Hypoxic Drive: Consequently, in advanced COPD, the body may rely more on the hypoxic drive for respiratory stimulation. This means that it’s the low oxygen levels (hypoxemia), rather than the high CO2 levels, that predominantly stimulate breathing.
Risks of Oxygen Therapy: This shift to hypoxic drive is crucial when considering oxygen therapy for COPD patients. Over-oxygenation can reduce their respiratory drive, potentially leading to respiratory failure.
Therefore, oxygen therapy in these patients must be carefully monitored to maintain a balance—providing enough oxygen for tissue needs without suppressing their respiratory drive.
Summary of Chemoreceptors/Role on O2
Mnemonic: “CAP HeRo, LOW”
**C - Central chemoreceptors:
A - Acid (High H+ concentration, Low pH): Respiratory Rate Increases.

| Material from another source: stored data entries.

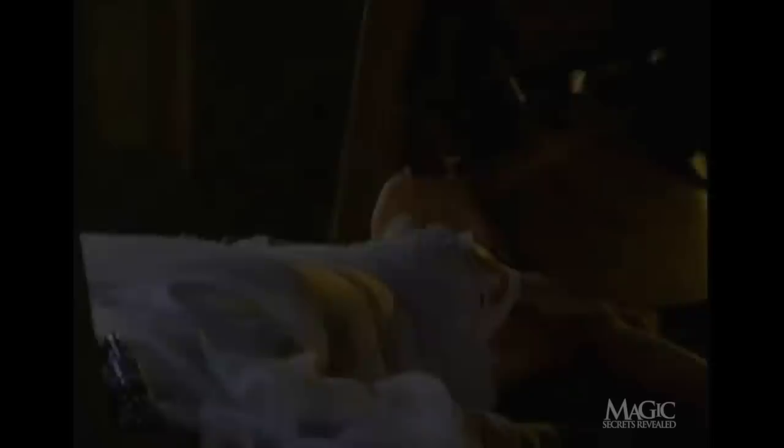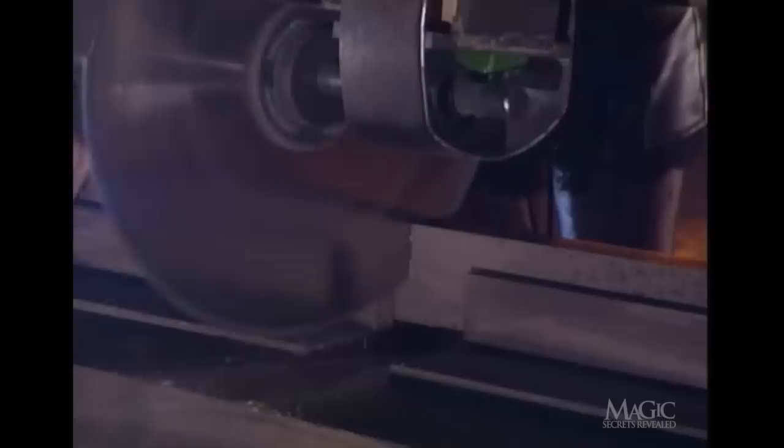Now let's find out the secrets. When the illusion begins, the Magician demonstrates that the saw blade is real — and it is. Our lovely assistant enters, never looking lovelier. She's put into a bogus trance by the Magician and placed on the table. Now's when the magic happens: concealed on the tabletop is a trap door that opens to reveal a secret compartment inside.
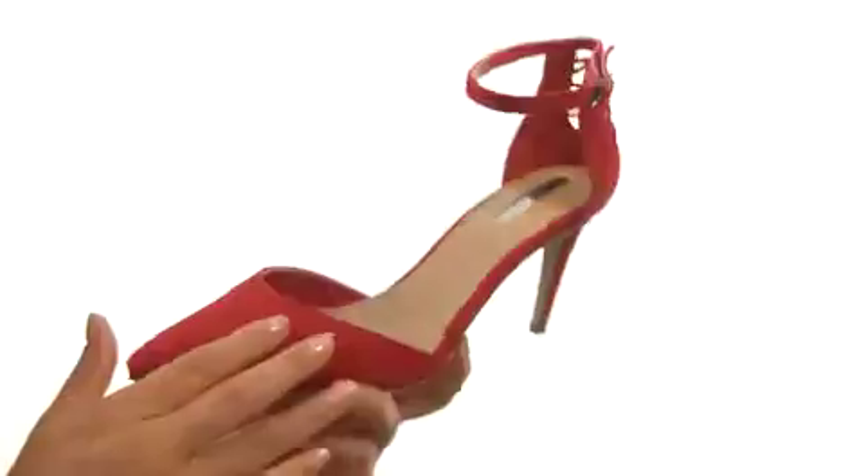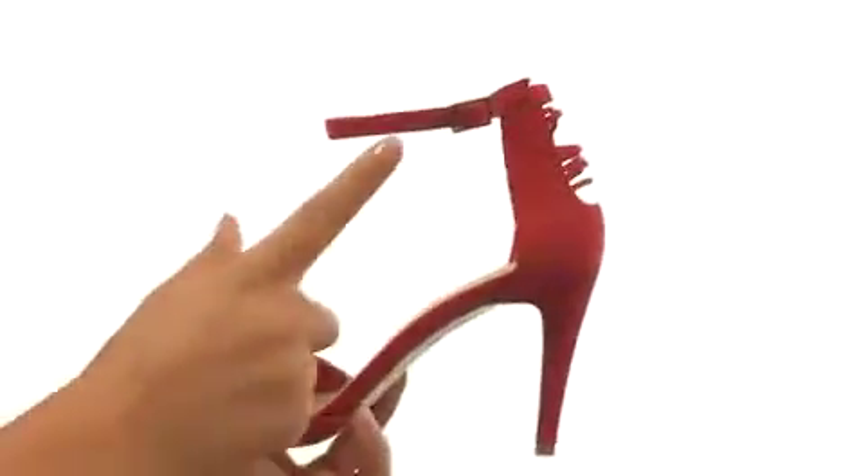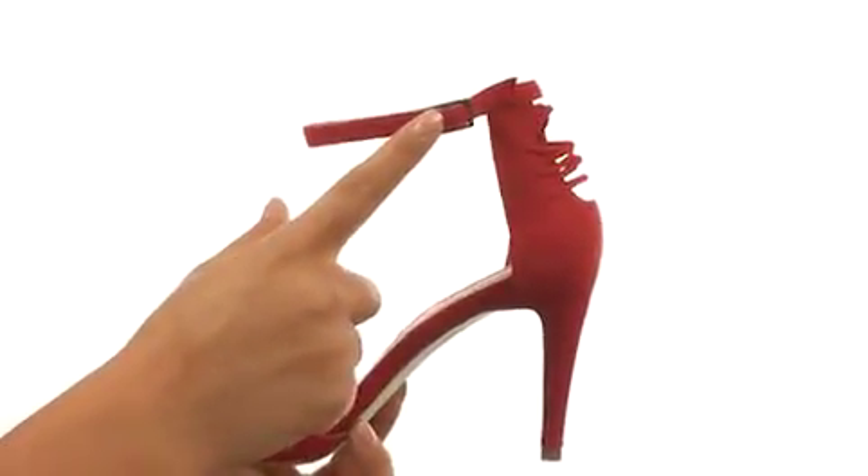Hi everyone, I'm Nelly and I'm here to show you Bright from Tehari. Here we have a faux leather upper and a pointed toe silhouette. There's a buckle closure for a secure and adjustable fit.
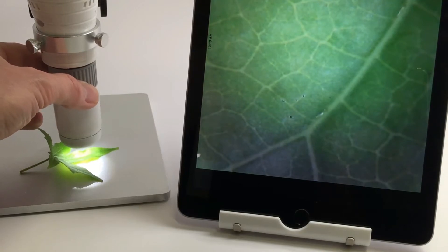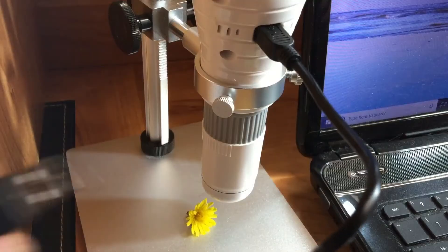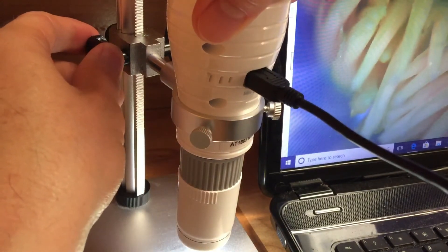For using with your PC, simply download and install the included software, then connect the USB cable to your microscope and then to your computer's USB port. Make sure your selector switch is set to the off position. Open the software and then view your subject, take photos and record video.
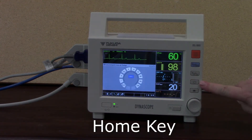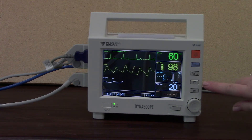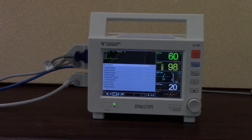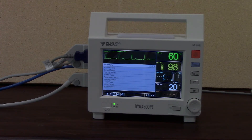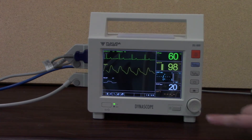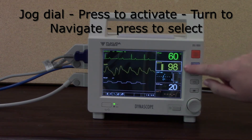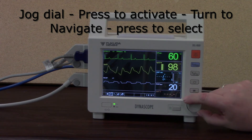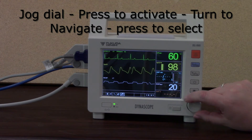I've got my home key right underneath. If I press the home key, that will clear whatever's on the screen. No matter what windows or menus I have open, I can get back to my monitoring screen quickly by pressing that home key. Just below that is my menu key, where I can do all sorts of patient setup, alarm setup, and sound setup functions. The jog dial allows me to navigate around the screen — you press to activate it, and then you can see in white it highlights around each parameter: SPO2, NIBP, RESP, TEMP, moving along the bottom, highlighting each area and function within the monitor.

P - PaCO2 (High Carbon Dioxide): Respiratory Rate Increases.
Low PaCO2 (Decreased Carbon Dioxide): Respiratory Rate Decreases.
**He - Peripheral chemoreceptors (Carotid and Aortic Bodies):
R - Reduced Oxygen (Low PaO2): Respiratory Rate Increases.
o - Other Factors (High PaCO2 and Low pH): Respiratory Rate Increases.
***LOW - Lowering Factors:
L - Low H+ concentration (High pH, Alkalosis): Respiratory Rate Decreases.
O - Over Oxygenation (High PaO2): In patients with chronic CO2 retention (like COPD), can lead to decreased respiratory drive.
W - Waning CO2 (Lower PaCO2 due to hyperventilation): Respiratory Rate Decreases.